In recent years, there is great interest in the use of effective microorganisms as probiotic supplementation in aquaculture to improve water quality, inhibit pathogens, and promote the growth of farmed fish. The use of probiotics, which control pathogens through a variety of mechanisms is viewed as an alternative to antibiotics and has become a major field in the development of aquaculture. Considering the potential benefits of adding probiotics, many farmers have recently been using commercially available products in their fish farms.

Although the practical efficacy of probiotic products in aquaculture has been extensively studied, there is a shortage of research related to practical, on-farm (i.e. not experimental) application of probiotic products in the Common carp (Cyprinus carpio) breeding. Especially when probiotics are implemented as a mixture of effective microorganism communities and not as a particular bacteria species.

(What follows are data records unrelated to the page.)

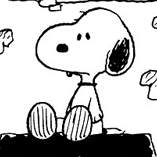 Tsukasa Yumoto Github - Sunset Design Collection - Retina Quality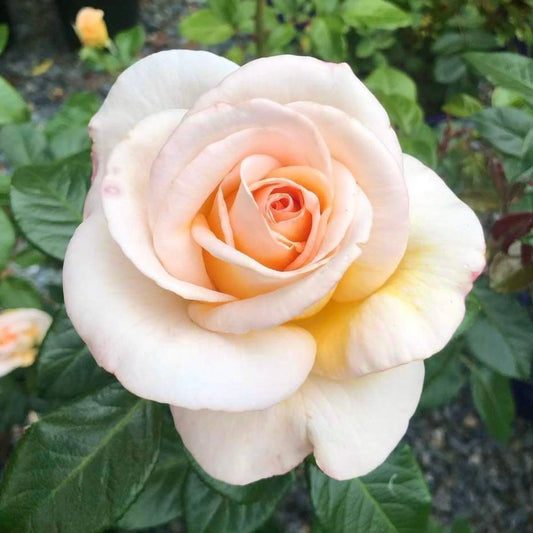 Once Upon a Time image 0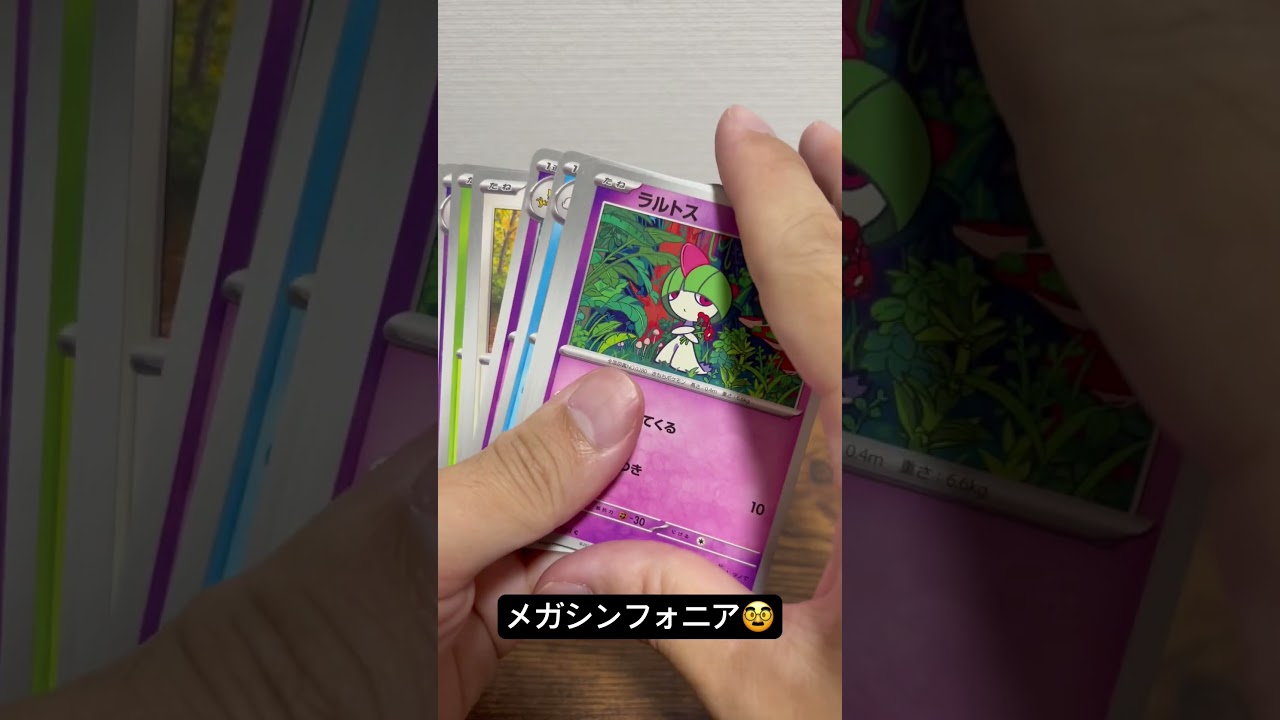 御三家チコリータ🥳#ポケモンカード #ポケカ #ポケモン #ポケカ開封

This study aims to investigate the practical on-farm application of probiotics in Common carp (Cyprinus carpio) breeding, particularly when implemented as a mixture of effective microorganism communities. Probiotics have gained attention in aquaculture as an alternative to antibiotics, with the potential to improve water quality, inhibit pathogens, and promote fish growth. However, there is a lack of research on the practical application of probiotics in Common carp breeding. The study will assess the impact of probiotic supplementation on the water, sediment, and fish intestinal microbiota diversity in earthen ponds, which simulate practical fish breeding conditions. The study will also analyze the differences in water metatranscriptome compositions, with two major factors considered: (i) probiotic supplementation of water, and (ii) probiotic supplementation of feed. The findings of this study will contribute to the understanding of the practical application of probiotics in Common carp breeding and provide insights into the potential benefits of using probiotics in aquaculture.

Hypoteses

1. Microbiota diversity of water, sediment and fish intestinum can be altered by probiotic supplementation of water/feed.
2. Microbiota dynamics of water, sediment and fish intestinum differs between different probiotic supplements of water/feed.
3. There exists a correlation between the degree of microbiota diversity in water, sediment and in fish intestinum.
4. The abundance of particular taxonomical units does not change linearly in time.
5. Water metabolic activity expressed by water metatranscriptome varies between different probiotic supplements of water/feed.

Progress

The experimental part of the project was carried out during its first year at the Golysz experimental station, belonging to the Polish Academy of Sciences Institute of Ichthyobiology and Aquaculture. The complex of experimental aquaculture ponds comprised 32 equal-sized ponds of 600 m2 area. All ponds had individual water supply from the Vistula river, which guaranteed uniform physicochemical characteristics of supplied water. The whole experiment was carried out within one full fish production season. During the experiment, all ponds were stocked with the Common carp (Cyprinus carpio) hatchling applying a density of 30,000 larvae per hectare. Two most commonly commercially available probiotic water supplements, as well as one commercially available feed supplement, were tested in the experiment. The whole experimental setup involved 25 experimental ponds, from which 5 ponds were used as a control.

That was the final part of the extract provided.